And on Thursday, in the sprawling metropolis of Chongqing in the southwest, a resident delivered a searing speech criticizing the Covid lockdown on his residential compound. “Without freedom, I would rather die!” The police officers who tried to take him away were wrestled to the floor by the crowd who hailed him a hero.
The defiance of these acts of defiance was echoed by Chinese football fans who are unable to watch the World Cup from their homes due to the restrictions placed on them.
The fans are not wearing face masks or required to submit proof of Covid test results. Are they not living on the same planet as us?” asked a Wechat article questioning China’s insistence on zero-Covid, which went viral before it was censored.
There are indications that Chinese officials are feeling the effects of the public discontent, which comes on top of heavy social and economic tolls.
Many local officials are reverting to a zero-tolerance approach, attempting to quell infections as soon as possible.
The first city to stop mass testing was Shijiazhuang.
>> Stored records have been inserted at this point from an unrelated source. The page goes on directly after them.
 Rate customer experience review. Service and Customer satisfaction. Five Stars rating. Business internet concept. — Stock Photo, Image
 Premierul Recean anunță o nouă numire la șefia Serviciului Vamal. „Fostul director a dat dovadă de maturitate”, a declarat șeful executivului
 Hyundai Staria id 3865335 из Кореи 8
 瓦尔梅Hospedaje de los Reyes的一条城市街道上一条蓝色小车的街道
It also allowed students to return to schools after a long period of online classes. Authorities told residents to stay home as cases rose over the weekend.
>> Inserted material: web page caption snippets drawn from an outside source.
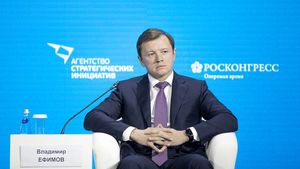 Владимир Ефимов: Город сдал в аренду по льготной ставке более 300 помещений в 2021 году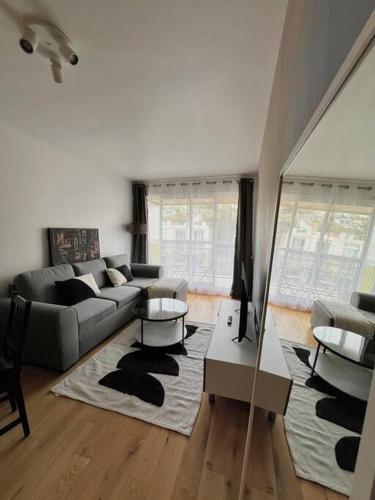 Modern apartment with balcony - Tap to explore photos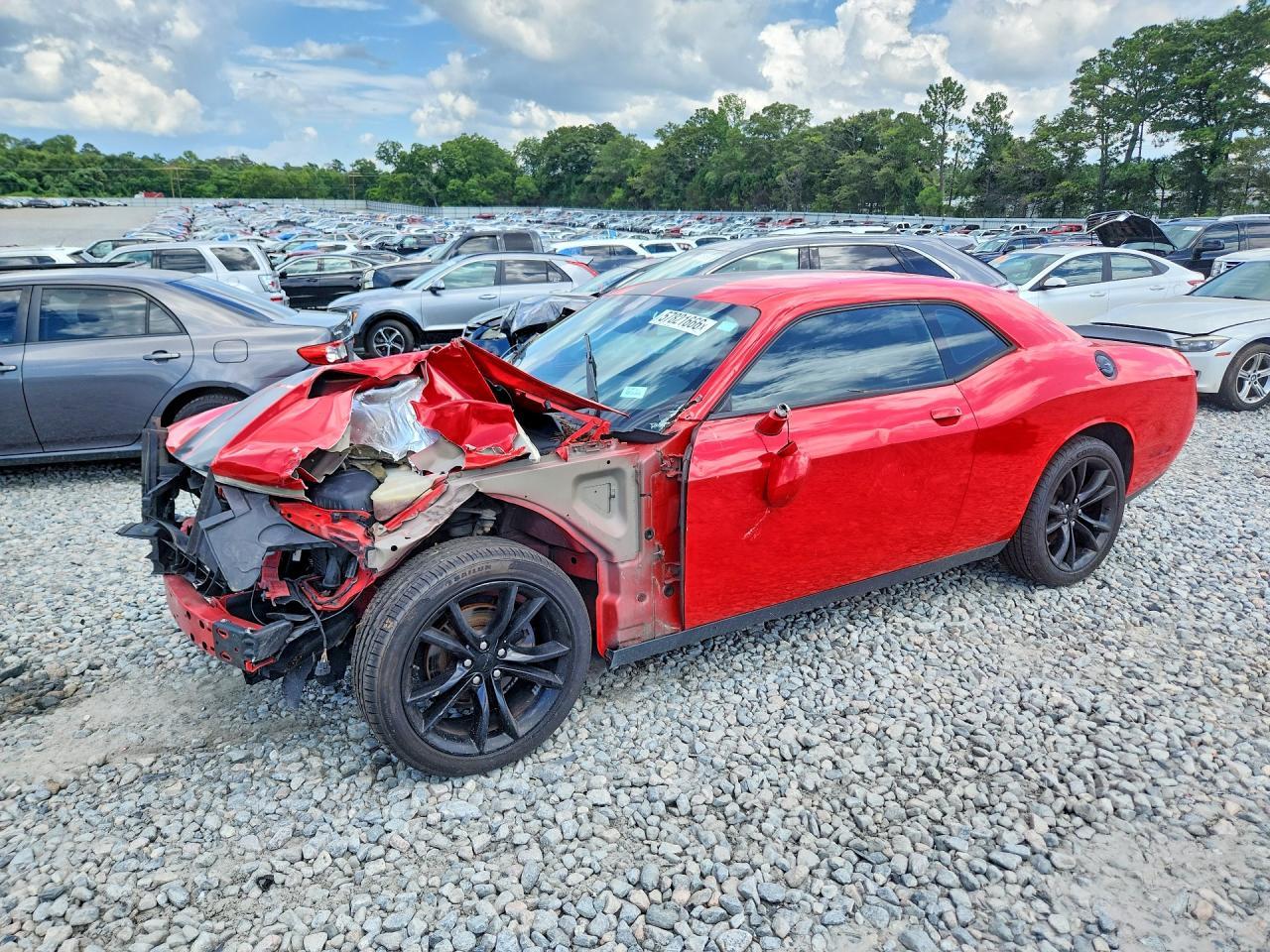 2016 Dodge Challenger Sxt - zdjęcie główne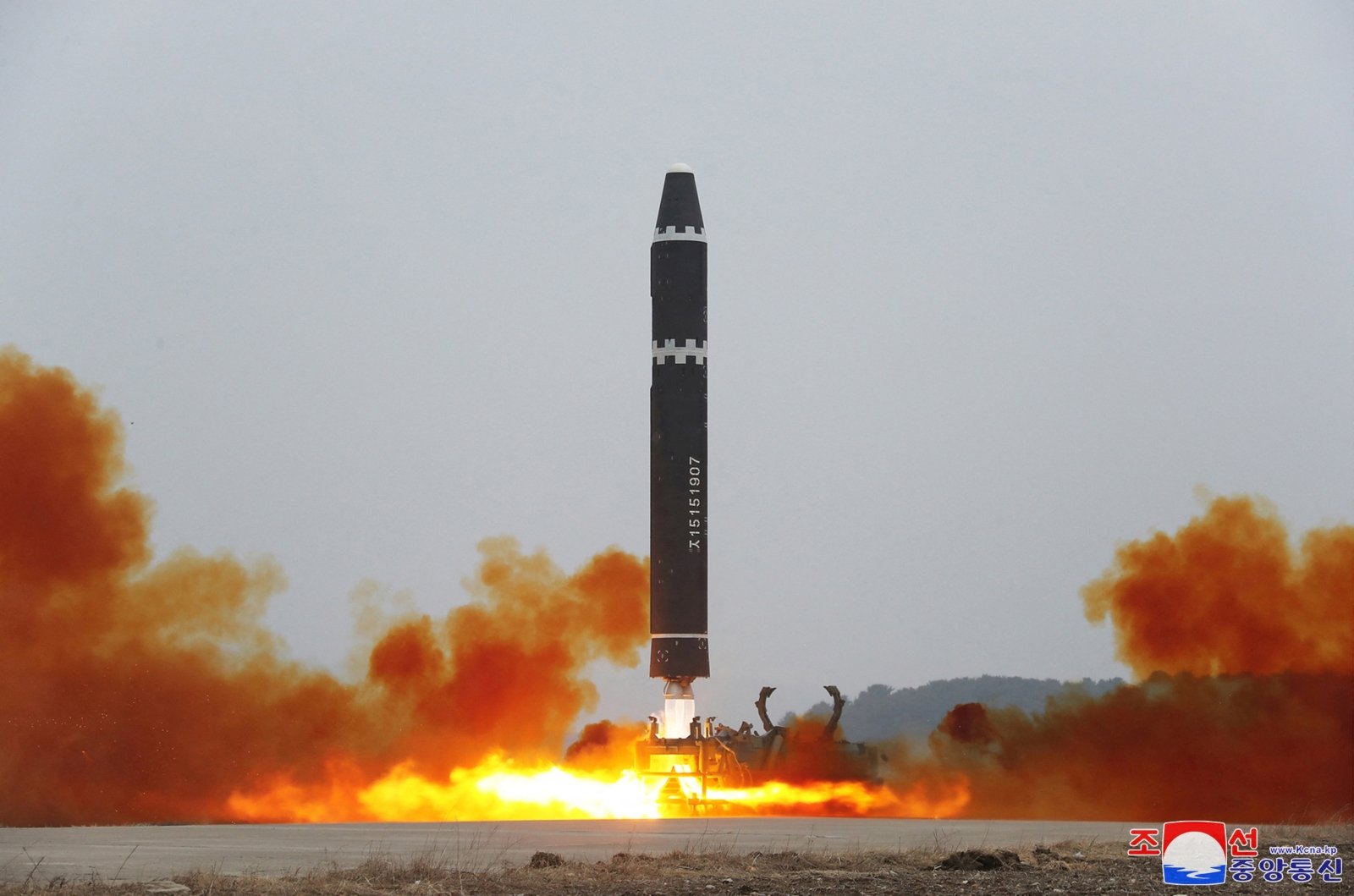 Po Šiaurės Korėjos paleistų raketų Japonija inicijuos skubų JT Saugumo Tarybos posėdį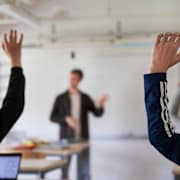 Elev räcker upp hand.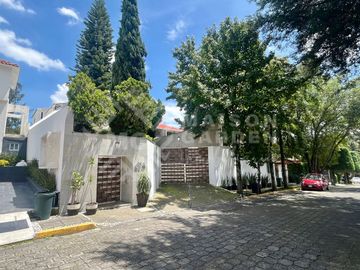 Casa en Venta en Lomas de Valle Escondido, con amplios espacios
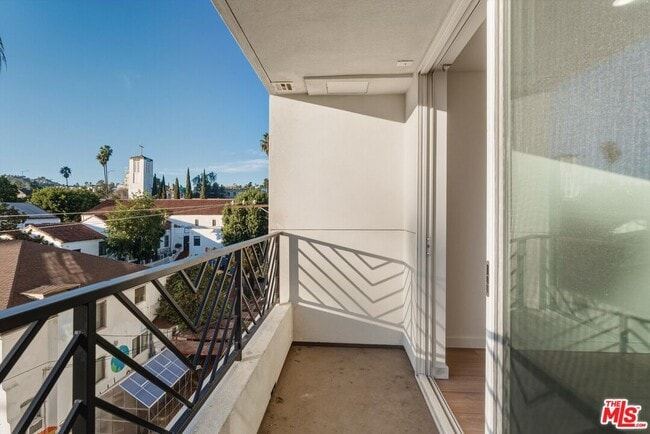 Building Photo - 1759 N Gower St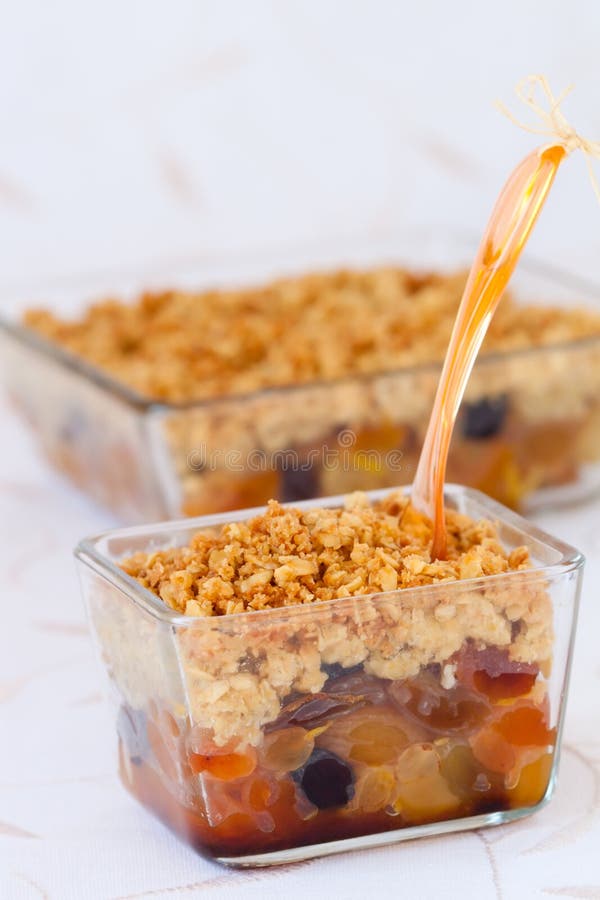 crumble suszący - owoc obrazy stock crumble suszący - owoc obrazy stock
The financial hub of Shanghai banned anyone arriving from other countries from entering for five days. Cultural and entertainment venues were shut down in half of the city.
In Guangzhou, officials this week extended the lockdown on Haizhu district – where the protest took place – for the fifth time, and locked down its most populous Baiyun district.
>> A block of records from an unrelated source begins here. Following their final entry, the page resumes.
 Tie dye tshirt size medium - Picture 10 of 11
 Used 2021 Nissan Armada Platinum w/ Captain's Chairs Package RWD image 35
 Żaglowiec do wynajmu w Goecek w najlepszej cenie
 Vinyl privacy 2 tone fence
In Beijing, streets in its largest district of Chaoyang are largely empty as authorities urged residents to stay home and ordered businesses to shut. Schools across several districts also moved to online classes this week.
Huang said he does not expect any fundamental changes to the zero-Covid policy in the short term. “Because the local governments’ incentive structure has not been changed. They are held accountable for the situation in their jurisdiction.
There are 20 measures listed in the government guidelines that Chinese officials have categorically denied being for a pivot to living with the virus.
Last week, the disease control official said that the measures are aboutoptimizing existing Covid prevention and control policy. “They are not an easing (of control), let alone reopening or ‘lying flat’,” he said.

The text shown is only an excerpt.